Anyway, I specifically asked her for her tempeh recipe. Not for me, I’m not so nice. It’s so BigFoot can cook it himself and I can eat it. I do have standards, you know. Girl power and feminism, etc etc. Cooking is primarily for fun and to prevent deprivation / because I’m greedy, and I unfortunately don’t really enjoy spending 20 minutes flipping tempeh in a pan. It’s yummy though. Best persuade the party that craves it more to do that part.

It has a spicy, oniony, and satisfying flavour

It looks surprisingly easy considering its reputation. I was expecting something much, much more involved. Though tempeh always takes some time. However, the version we made last night didn’t taste at all like hers (I wasn’t joking, he actually did make it himself. I only operated the chopper). So yes, yummy tempeh recipe, but back to the drawing board clearly. Apparently if you add the dried prawns (we didn’t), it tastes more like the original.

BigFoot’s Mother’s Legendary Sambal Tempeh

BigFoot’s Mother narrated the recipe over breakfast, and I wrote it down. I’m not sure where she originally got it from, maybe she made it up. Note that I may have written it down completely wrong. Tastes good, anyway.
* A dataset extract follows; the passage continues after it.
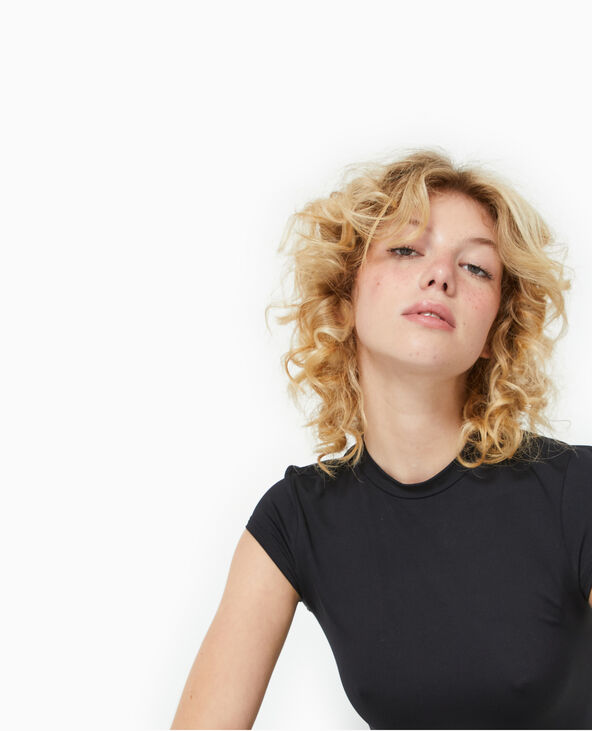 T-shirt ajusté en maille extensible noir - Pimkie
1 packet of tempeh – about 300g. I also chucked in a sliced potato because it felt lonely in the cupboard.
6 – 10 pieces dried chilli – depends how spicy you want it
1 – 2 pieces red chilli – the big ones. Again, add more if you want it spicier. Or add birds eye chilli too if you’re feeling brave. It doesn’t need it
1 large red onion, or 1.5 small red onions
4 – 5 cloves garlic
2 handfuls of ikan bilis
Asam jawa / Tamarind juice – crush a bit of the paste in a few tablesp of warm water, and add to taste. I crushed about 2cm in about half a cup of water, and added a few tablesp of that
Either: sugar to taste, OR about 2 tablesp udang kering blended with 1/4 cup vegetable stock – we used sugar, but it’s probably better with the prawns

  1. Throw the dried and fresh chilli, onion, and peeled garlic into the chopper. Chop chop nicely until it is relatively smooth. Pieces the size of those chilli flakes you get in the shops are ok. Add the udang kering (dried prawns) and vege stock here if you are using, and blend those too.
  2. Fry the ikan bilis with a little oil until it browns and your kitchen smells like fish. Set aside on kitchen paper.
  3. Cut the tempeh into little cubes, or slice it into pieces about 3mm thick. Fry with a little oil or grill these until they brown on all sides. Set aside on kitchen paper. A toaster oven is useful here, if you have one.
  4. Add about a tablespoon of oil to a wok, and fry the chilli – onion – garlic mixture. Keep going until it smells pretty fragrant and starts to brown. After it begins to brown, keep stirring or it’ll stick to the pan if you’re not careful.
  5. Taste. Add 2 tablespoons of the asam jawa liquid, discarding the seeds. Add a pinch of sugar. Taste. Repeat until it tastes good to you (we used about 5 tablespoons of asam jawa liquid, and about 1 teaspoon of sugar).
  6. Mix in the ikan bilis and tempeh.